SEC’s Investigation Uncovers Accounting Problems in Connection with Monsanto’s Roundup Product
According to the SEC, its investigation uncovered that Monsanto “had insufficient internal accounting controls to properly account for millions of dollars in rebates offered to retailers and distributors of Roundup after generic competition had undercut Monsanto’s prices and resulted in a significant loss of market share for the company.” The SEC said that Monsanto “booked substantial amounts of revenue resulting from sales incentivized by the rebate programs, but failed to recognize all of the related program costs at the same time.” As a result, “Monsanto materially misstated its consolidated earnings in corporate filings during a three-year period,” the SEC alleged.
SEC Officials React to Monsanto’s Misconduct
“Financial reporting and disclosure cases continue to be a high priority for the Commission and these charges show that corporations must be truthful in their earnings releases to investors and have sufficient internal accounting controls in place to prevent misleading statements,” said SEC Chair Mary Jo White. “This type of conduct, which fails to recognize expenses associated with rebates for a flagship product in the period in which they occurred, is the latest page from a well-worn playbook of accounting misstatements.”
Andrew J. Ceresney, Director of the SEC’s Division of Enforcement, added, “Improper revenue and expense recognition practices that obscure a company’s true financial results have long been a focus of the Commission. We are committed to vigorously pursuing and punishing corporate executives and other individuals whose actions contribute to the filing of inaccurate financial statements and other securities law violations.”
SEC Finds No Personal Misconduct on Part of Monsanto CEO and Former CFO
The SEC’s investigation found no personal misconduct by Monsanto CEO Hugh Grant and former CFO Carl Casale, who both agreed to reimburse Monsanto $3.1 million and $728k, respectively, for cash bonuses and certain stock awards the two received during the time period when the alleged violations occurred.
Attorney Says Whistleblowers are “First Line of Defense Against Financial Wrongdoing”

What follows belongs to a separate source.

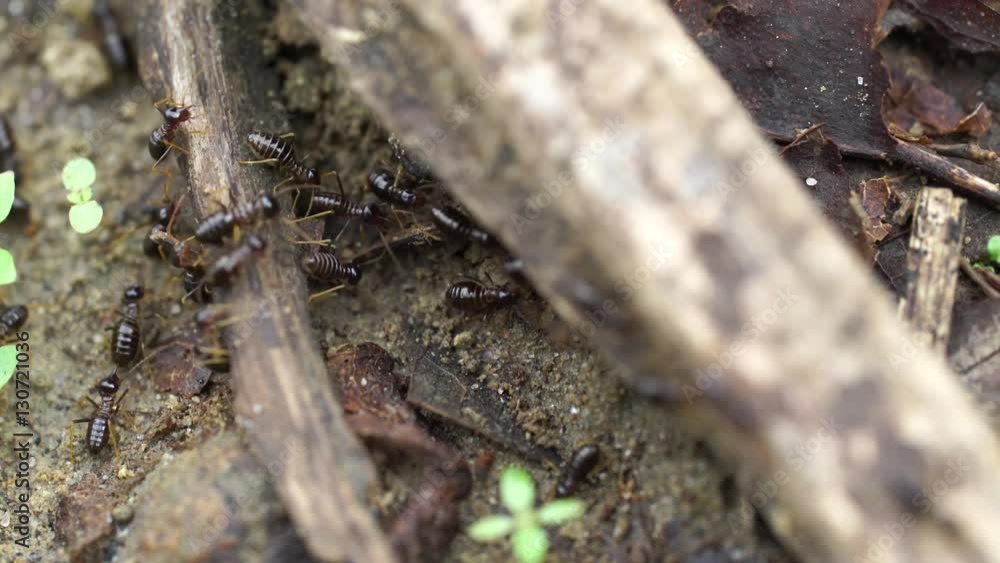 Termite move the eggs, larvae and food of the colony to a new nest Termite move the eggs, larvae and food of the colony to a new nest
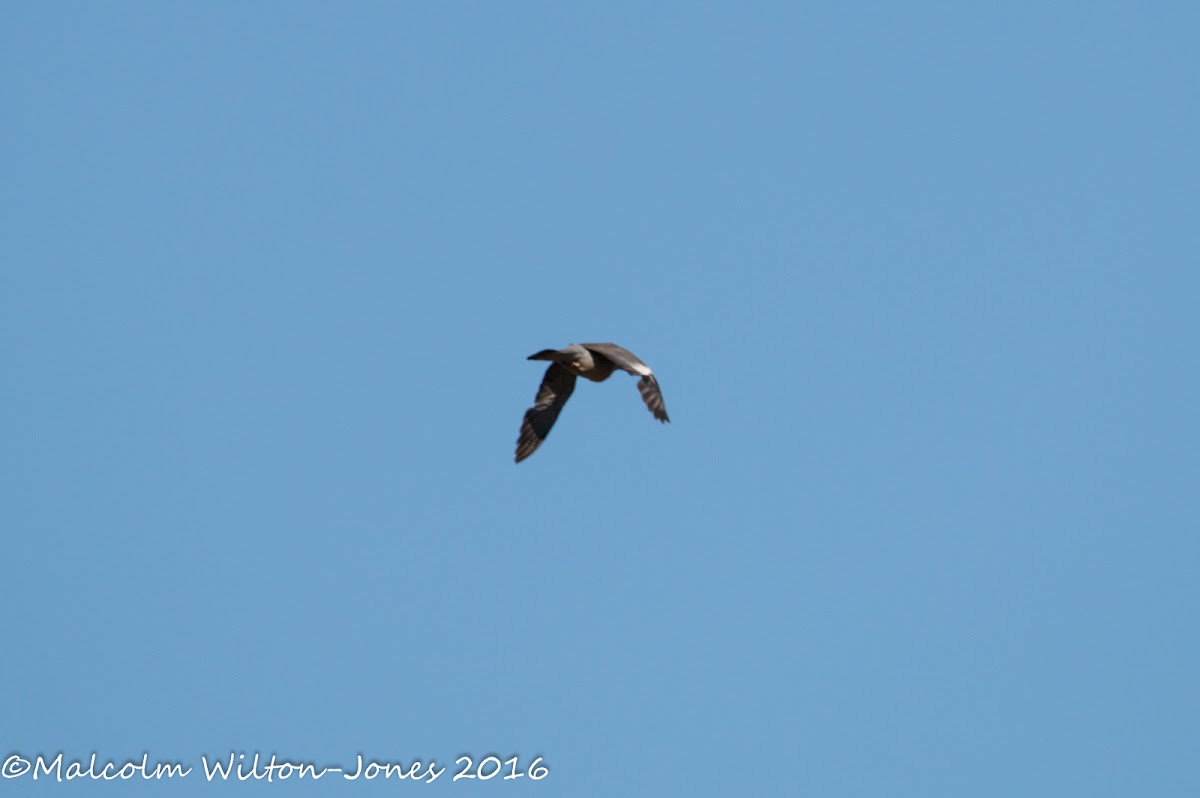 Woodpigeon; Paloma Torcaz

Stuart Meissner, the attorney who represented the former Monsanto exec, said his whistleblower client took his information to the SEC only after trying to correct the accounting issues internally at Monsanto. “Internal gatekeepers like our client represent the first line of defense against financial wrongdoing at companies,” said Meissner. Meissner also said that the award to his client represents more than 28 percent of the total $80 million penalty paid by Monsanto to the SEC, which is nearly the 30 percent maximum allowed under the SEC’s whistleblower bounty program for recoveries greater than $1 million. Meissner has declined to identify his client publicly.

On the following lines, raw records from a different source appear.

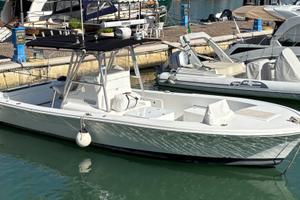 Barca da pesca STRIKE 29 OPEN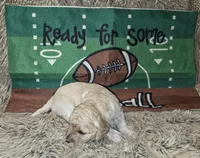 processed/d1c46e57-5bdc-416d-b283-dd90789b60c0/listing/f9600ff6-6f31-4071-9c6c-4293ea4f49b3/eb4feafb-c516-4c6b-8b55-bc4d770c9f09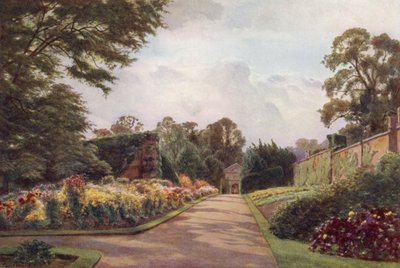 Varhaiset krysanteemit, Claremont (väri litho) tekijältä Cyril Ward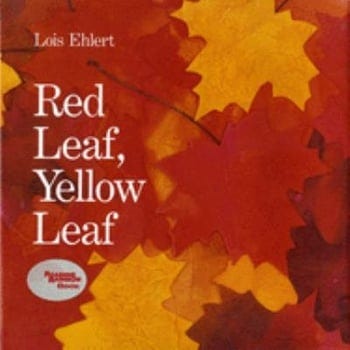 red-leaf-yellow-leaf-1791704-1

Jane Norberg, Acting Chief of the SEC’s Office of the Whistleblower, has said, “Company employees are in unique positions behind-the-scenes to unravel complex or deeply buried wrongdoing. Without this whistleblower’s courage, information, and assistance, it would have been extremely difficult for law enforcement to discover this securities fraud on its own.”
Monsanto Says it Remains Committed to “Integrity” and “transparency,” Will Not Comment on Whistleblower Program or Award
“Monsanto remains committed to operating its business with the utmost integrity and transparency and in compliance with all applicable laws and regulations,” Charla Lord, a company spokeswoman, said in an e-mailed statement. Furthermore, Lord said it would be inappropriate for the company to comment on the SEC’s whistleblower program or the specific reward.

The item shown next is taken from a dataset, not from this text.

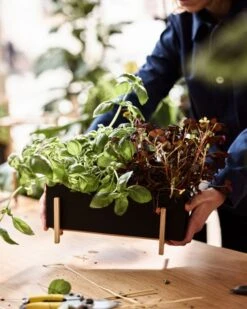 Design House Stockholm Jardinière Botanic -Ménagers Décoration Boutique DHS lifestyleimage 5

SEC Has Awarded $100M to 33 Whistleblowers Since 2012
The $22 million award issued by the SEC is the second-largest whistleblower award issued by the SEC. The largest whistleblower award, $30 million, was paid in 2014. Including the $22 million award, the SEC has now paid more than $100 million in whistleblower awards to 33 whistleblowers since the SEC began paying awards in 2012. By way of some 14,000 whistleblower tips and other information, the SEC has said that it has been able to recover more than $500 million in financial remedies, much of which ($346 million) has been returned to harmed investors.
“This is a watershed moment for the SEC’s whistleblower program,” said Norberg. “The SEC has issued more than $100 million in whistleblower awards in five years, demonstrating the invaluable information and assistance whistleblowers have provided to the agency and underscoring the program’s resounding success.”
SEC’s Whistleblower Program
Congress authorized the SEC’s whistleblower program in 2010 as the SEC was trying to strengthen its enforcement efforts in the wake of its failure to act on a detailed tip that Bernard Madoff was operating a multibillion dollar fraud.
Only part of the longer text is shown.